Il Kebra Nagast (o Chebra Nagast, traduzione letterale La Gloria dei Re) è un antico testo etiope di grande importanza storica, religiosa e archeologica. Il nucleo del testo viene fatto risalire a un periodo compreso fra il IV e il VI secolo d.C., ma la ricompilazione definitiva è del XII secolo. È uno dei testi sacri del rastafarianesimo.
Contenuto
La regina di Saba in viaggio verso Gerusalemme, raffigurata in un affresco etiope
Il testo, che attinge all’Antico Testamento, ai Vangeli cristiani e al Corano, narra del leggendario trasferimento dell’Arca dell’Alleanza da Gerusalemme al Regno di Saba (Etiopia). Secondo la leggenda, l’Arca passò da re Salomone di Israele nelle mani di Bayna-Lehkem, figlio di Salomone e della regina di Saba Machedà. Bayna-Lehkem fu in seguito incoronato re di Etiopia col nome di Menelik I. Il trasferimento dell’Arca viene quindi letto simbolicamente come un passaggio della discendenza biblica di Israele in Etiopia, e quindi attribuisce elementi divini alla dinastia tradizionale etiope, che governò sul paese ininterrottamente fino all’ascesa di Hailé Selassié (1930), fatta eccezione per il periodo tra il 950 e il 1270, quando fu retto da una dinastia di religione pagana o ebraica, gli Zaguè.
Storia del testo
Il Kebra Nagast ebbe origine a partire da una serie di testi sionisti trascritti nei primi secoli dell’era cristiana.

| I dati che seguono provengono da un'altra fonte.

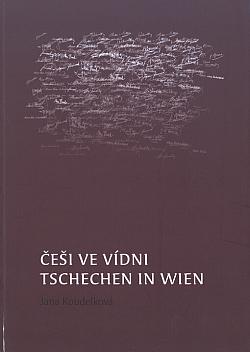 Češi ve Vídni / Tschechen in Wien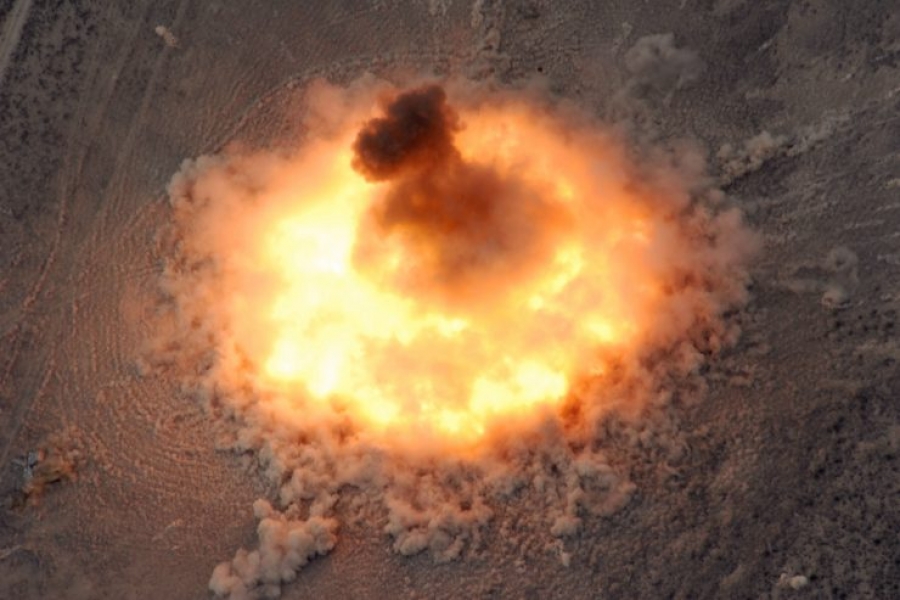 &laquo;El mundo detenga a los se&ntilde;ores de la guerra&raquo;: entrevista del Papa para 'La Repubblica'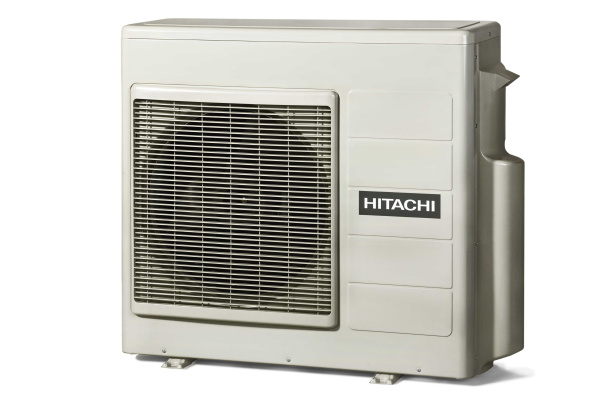 Мульти-сплит система Hitachi RAM 53NE3F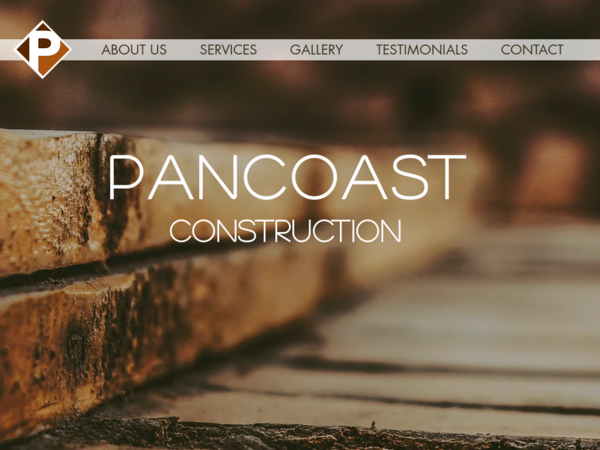 Pancoast Construction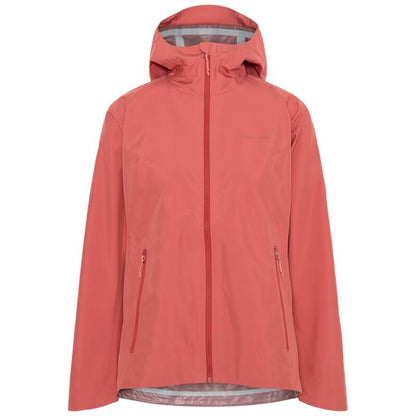 Kari Traa Damen Sanne 3L Jacke Cedar Pink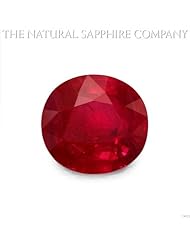 Natural Untreated Ruby, 5.10ct. (U4021)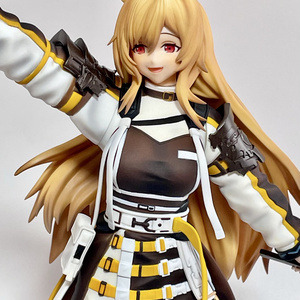 原神】リオセスリ：ガレージキット - HJM_shop - BOOTH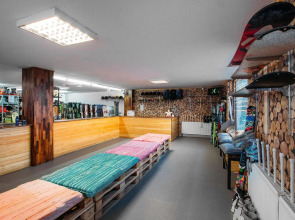 Отель Carpe Diem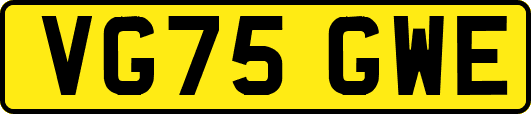 VG75GWE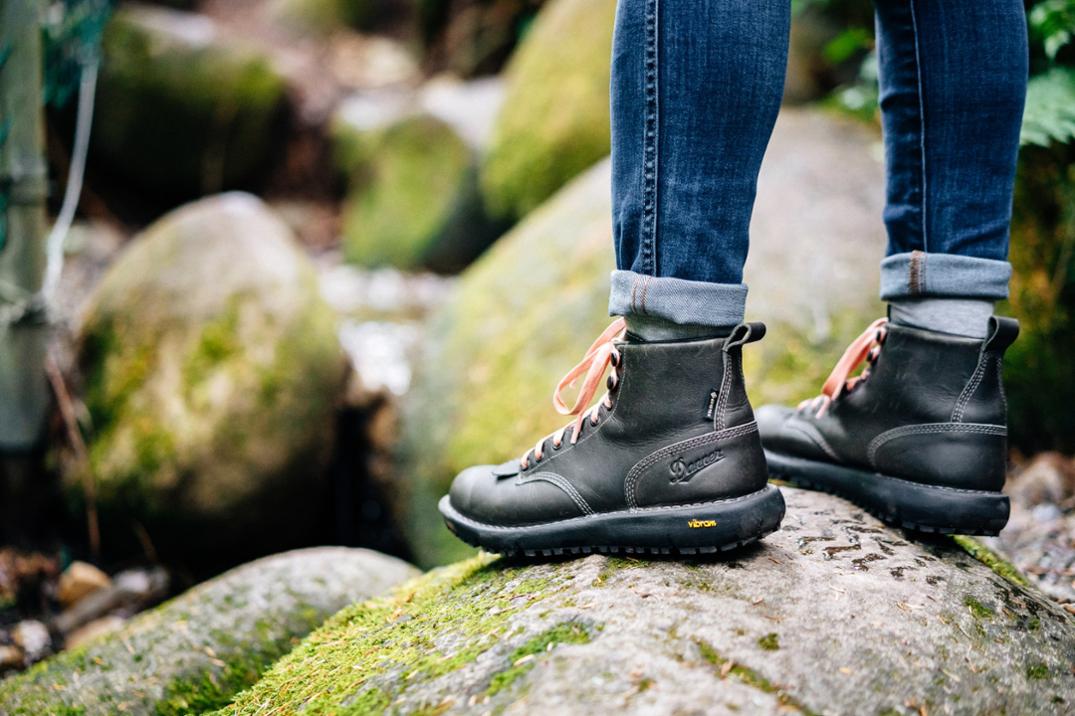 Location Image for Logger 917 GTX Boots - Women's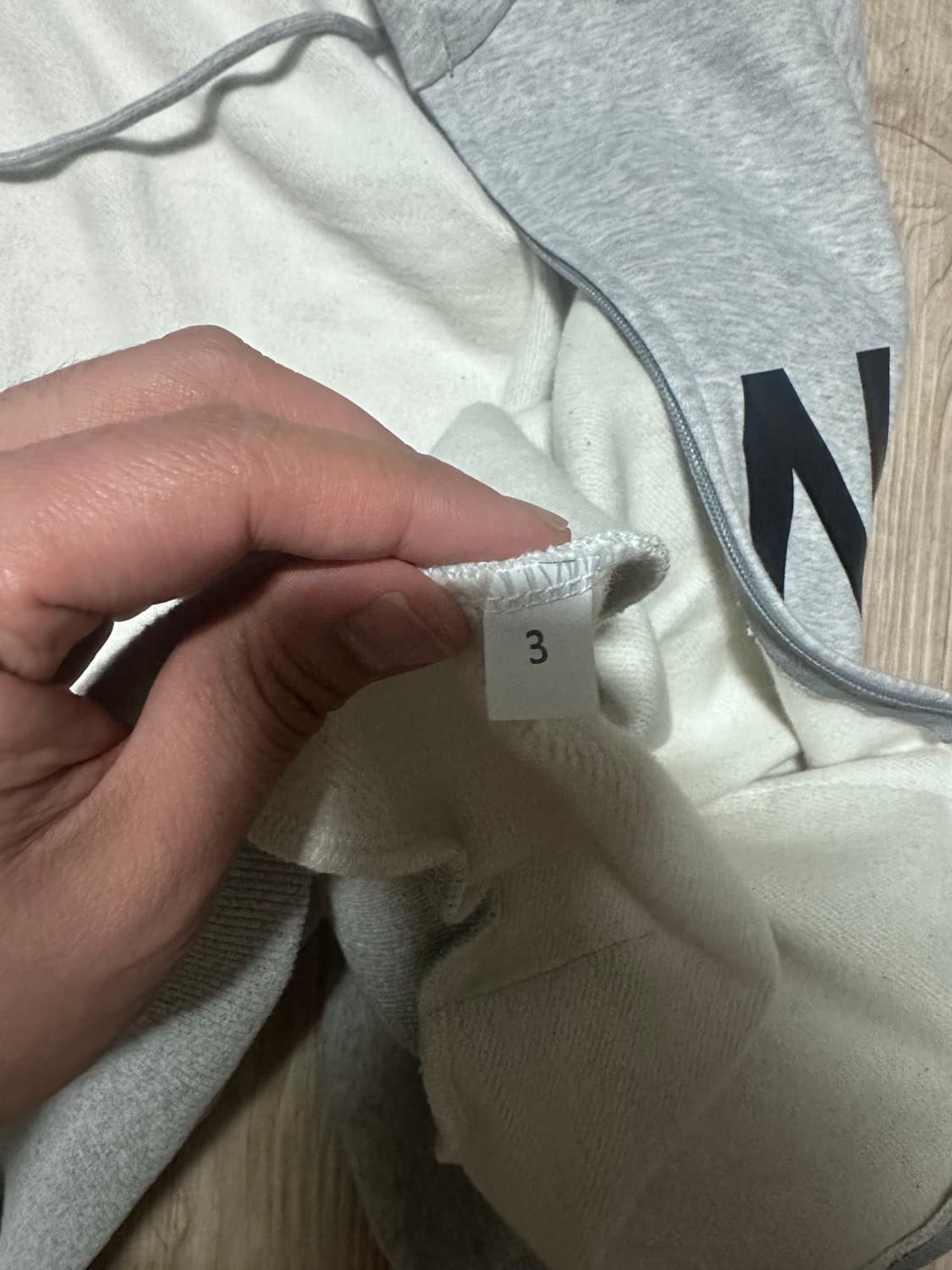 이지 후드집업 머천 코리아 3 상품이미지3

La principale fonte su cui è basato questo primo nucleo è l’Antico Testamento, ma elementi furono tratti anche da testi rabbinici, leggende etiopi, egiziane e copte. Successivamente furono introdotte influenze coraniche e di altri elementi della tradizione araba (principalmente palestinese e siriana, per esempio Il libro dell’ape), nonché di testi cristiani apocrifi come Il libro di Adamo ed Eva, il Kufale, Le istruzioni di San Pietro al suo discepolo Clemente, La vita di Anna madre della vergine Maria, Il libro della perla, L’ascesa di Isaia e altri.
Questa collezione di trascrizioni e riscritture originariamente disomogenea iniziò a prendere la forma di un testo unitario nella prima redazione in ge’ez antico del Kebra Nagast, datata intorno al VI secolo e attribuita generalmente a un sacerdote copto, a cui si dovrebbe anche la scelta del titolo.
Da questa cronologia si può agevolmente comprendere come il testo del Kebra Nagast abbia potuto fornire elementi narrativi per il Corano, che è stato compilato e ordinato in epoca successiva sotto la guida del Califfo ibn Affan, nei passaggi che concernono la storia della Regina di Saba, e il favoloso trasporto del suo trono (Corano, sura XXVII).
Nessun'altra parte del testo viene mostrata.